Thursday, May 3, 2018

488 - Bumping Into Broadway, United States, 1919. Dir. Hal Roach.

Thursday, May 3, 2018

488 - Bumping Into Broadway, United States, 1919.  Dir. Hal Roach.

This classic Harold Lloyd short film is high-energy, fast-paced, creatively witty, and hilarious.

It features four locations: the apartment building, the theater, the street, and the speakeasy.

Broadway.

Avenue of lights.

In the city that never sleeps.

Where the stars live the good life.  Eat the big steaks.  Drink the big booze.  Where the Flappers expect the royal treatment from the hosts and the maitre d'.  Where money flows like champagne.

But also

Where the undiscovered struggle in flophouses, betting on dreams, looking for a morsel to eat.

Bearcat the Landlady is on the prowl.  Handing out third notices.  Pay the $3.75 you owe or be evicted.  And she has a Bearcat Bouncer man ready to bounce you.  And he does.  He takes the first victim and tosses him up and down like a rag doll, with such ferocity that a WWE performer could not take the punishment.

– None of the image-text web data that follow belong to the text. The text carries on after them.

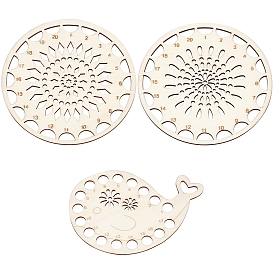Gorgecraft 3Pcs 3 Style Cotton Wood Thread Winding Plate, Mixed Shapes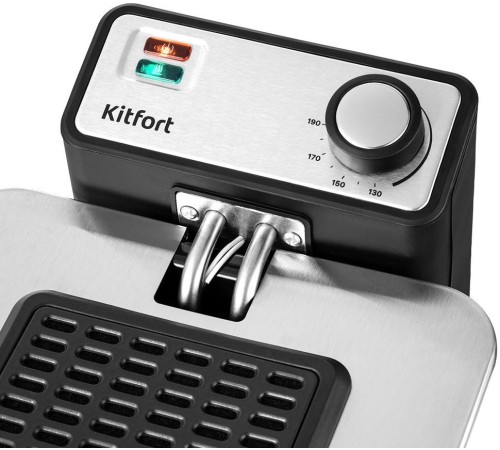 Фритюрница Kitfort КТ-4053 2000Вт серебристый/черный Фритюрница Kitfort КТ-4053 2000Вт серебристый/черный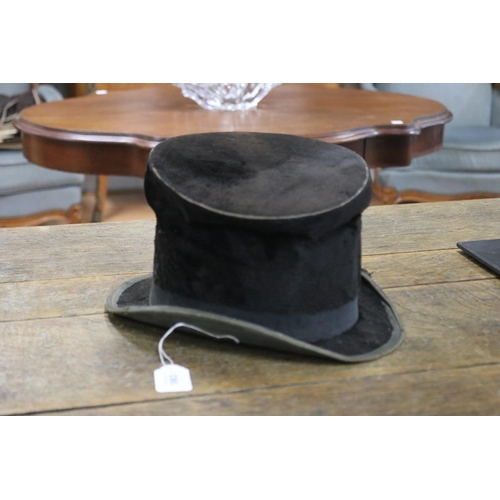 Antique French top hat, approx 16cm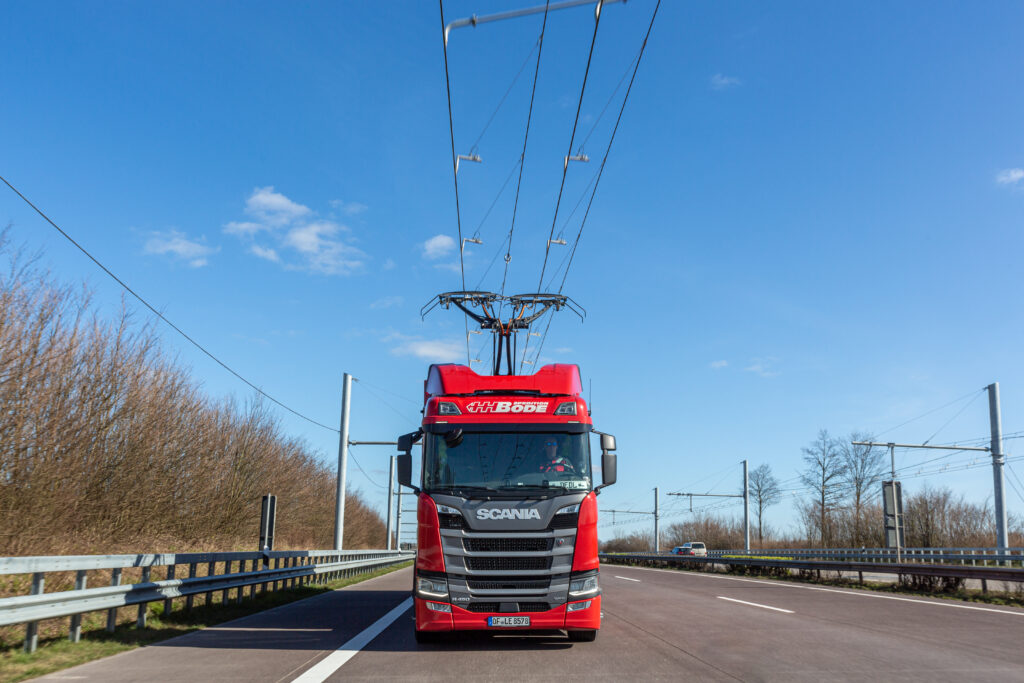 A truck with a current collector on an electrified highway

$3.75 in 1919 is worth $56.72 in 2018.  We suspect you would still take that deal today.  But that is more than these people have.  Or have ever had.  At one time.

Well, The Boy can scrounge up just enough change.

But when he sees his next-door neighbor, The Girl, about to be out on the street, he steps in chivalrously, always the gentleman, and gives his rent money to her.

Now the Bearcat and the Bearcat Bouncer are after him.  Up and down the stairs.  In and out of rooms.  In and out of windows.  Hiding and being discovered.  Farce at its highest.

The Boy is an aspiring writer.  The Girl is a dancer at the theater.

The Boy makes it to the theater to show his script to the Director.  The Director who sits in an office with headshots papering the walls.

If only he could get in.

And if we know Harold Lloyd, then we know The Boy will find a way.

It all comes to a head when The Boy finds himself inside the speakeasy, not understanding where is he.  Not knowing what putting money on Number 13 on the Roulette Wheel even means.  But breaking the house.  And walking away with all the cash just as the police raid the joint.

Here we go.

Up and down the stairs.  In and out the doors.  Hiding and being discovered.

With many a whack on the head.

Here Harold Lloyd hones his madcap mayhem skills for the features he would later make, and this one stands among his finest and funniest.

Now if he could just get that rug to block our view so he can kiss The Girl.